İstemi Yılmaz
TT

Spekülasyonların gölgesinde Paris saldırısı

Uzun ve yoğun gündemle örülü bir seneyi Fransa’da düzenlenen bir saldırıyla geride bırakıyoruz. Geçtiğimiz hafta başkent Paris’te William M. isimli bir saldırgan terör örgütü PKK ile bağlantılı bir kültür merkezi, restoran ve kuaföre kurşun yağdırdı. Hedef alınan terör örgütü üyelerinin cirit attığı mekanlar olunca gözler hemen Ankara’ya çevrildi. Ancak işin aslı farklı gibi gözüküyor.
Saldırının ardından akıl hastanesine götürülen saldırganın motivasyonunun “yabancı düşmanlığı” olduğu düşünülüyor.

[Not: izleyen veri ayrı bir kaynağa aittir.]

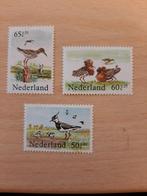 Nederland zomerzegels weidevogels grutto, kemphaan, kievit, Verzenden, Postfris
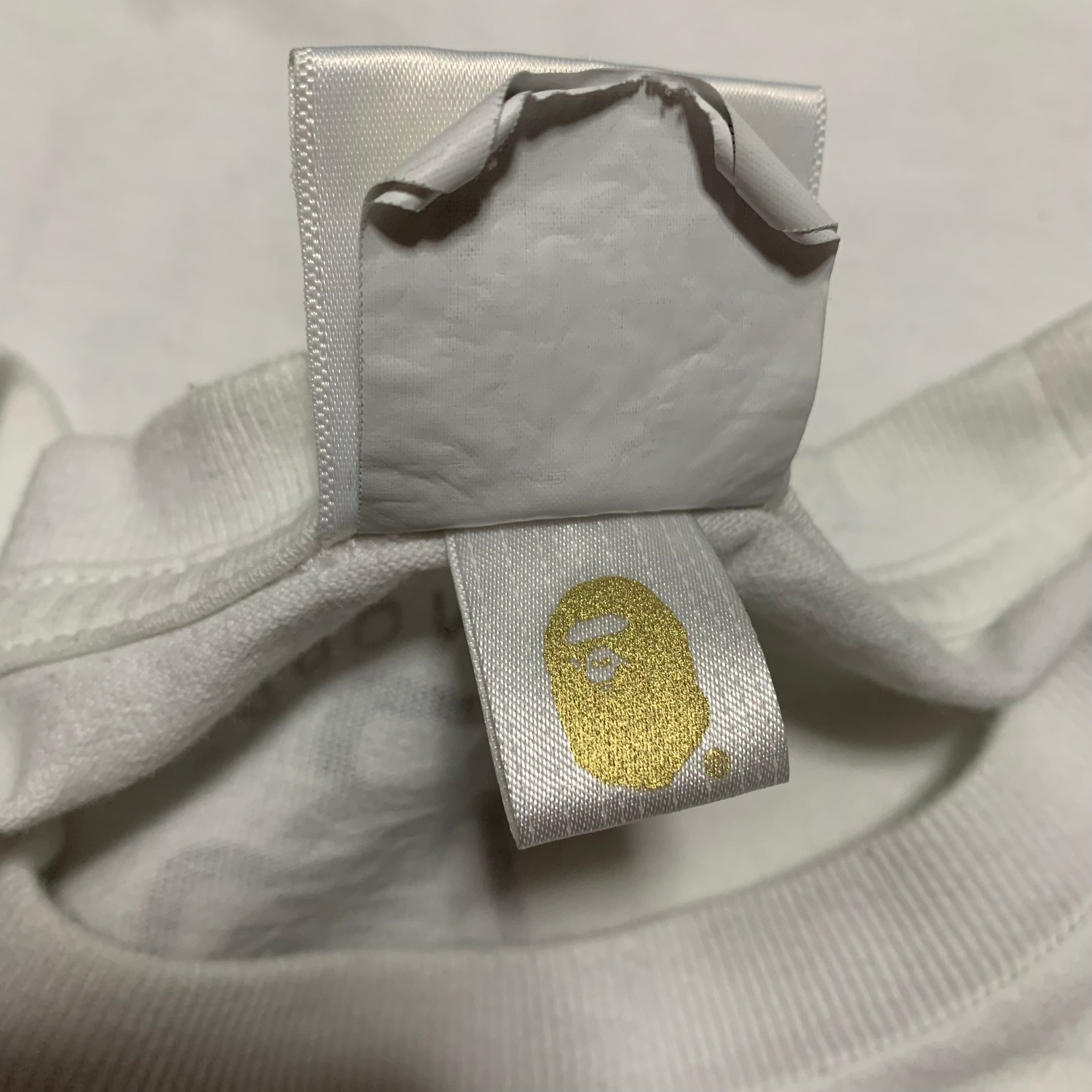 Bape XL Archive Graphic World Gone Mad White Tee 2022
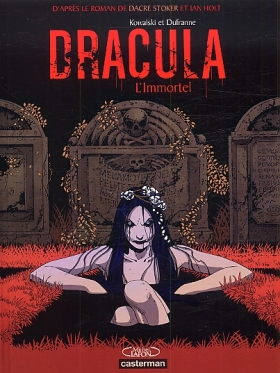 couverture bande dessinée Dracula l&#039;immortel T1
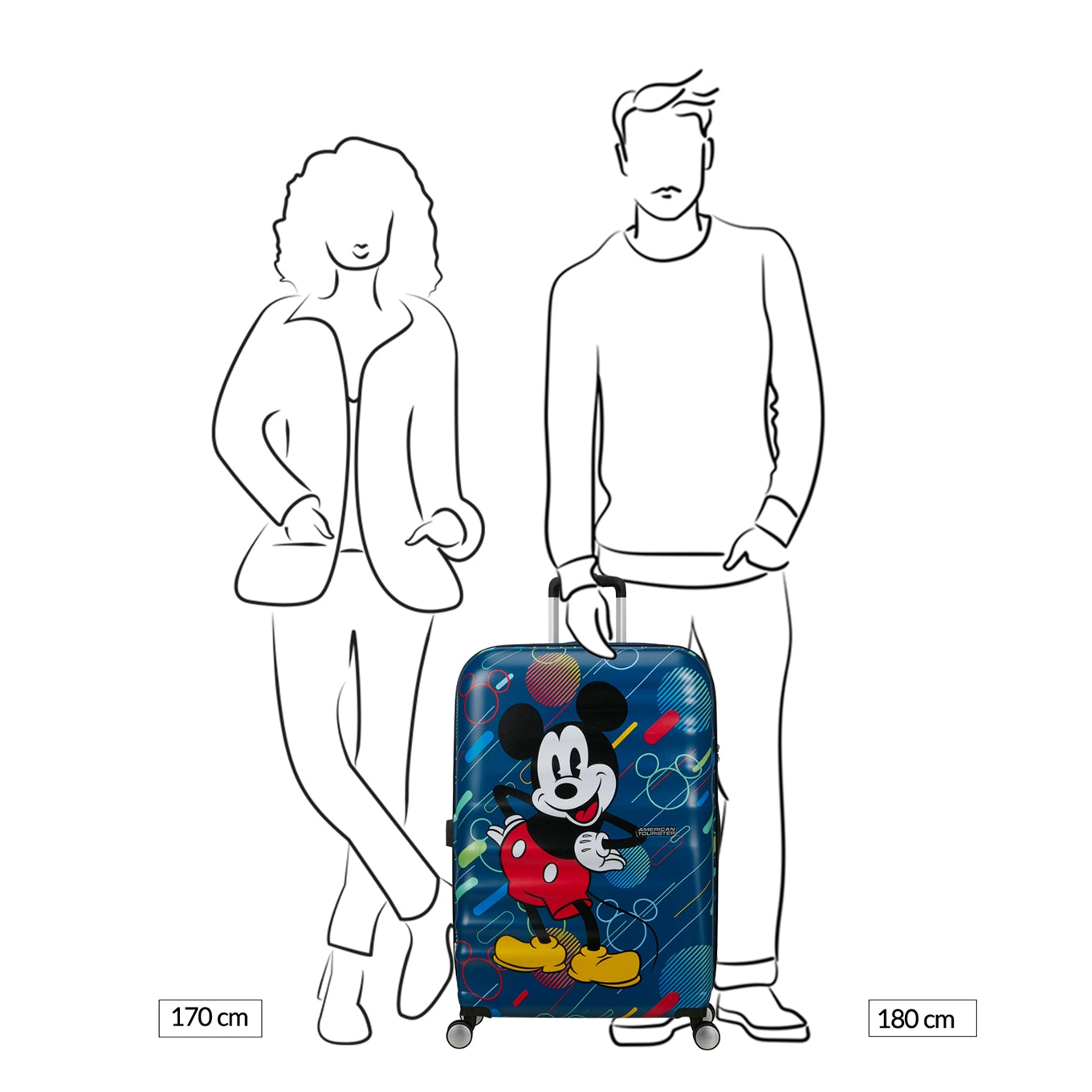 American Tourister Wavebreaker Disney Spinner 77/28 TSA mickey future pop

Fransız basınına göre, William M’nin daha önce ırkçılık sabıkası ve ateşli silahlarla işlediği suçları mevcut. Babası, zanlı oğlunu “deli” olarak tanımlıyor. William M verdiği ilk ifadede önce Paris’in göçmenlerin yoğun yaşadığı Seine-Saint-Denis bölgesinde bir saldırı gerçekleştirmek istediğini ancak etrafta az sayıda insan olması nedeniyle vazgeçtiğini öne sürüyor. Nitekim emekli bir makinist olan 69 yaşındaki zanlı, 2016 yılında da aynı bölgede gerçekleştirilen bir silahlı saldırıdan suçlu bulunmuştu. Neden PKK’yı hedef aldığı sorusunaysa “terör örgütünün Suriye’de DEAŞ üyelerini serbest bırakması” yanıtını veriyor.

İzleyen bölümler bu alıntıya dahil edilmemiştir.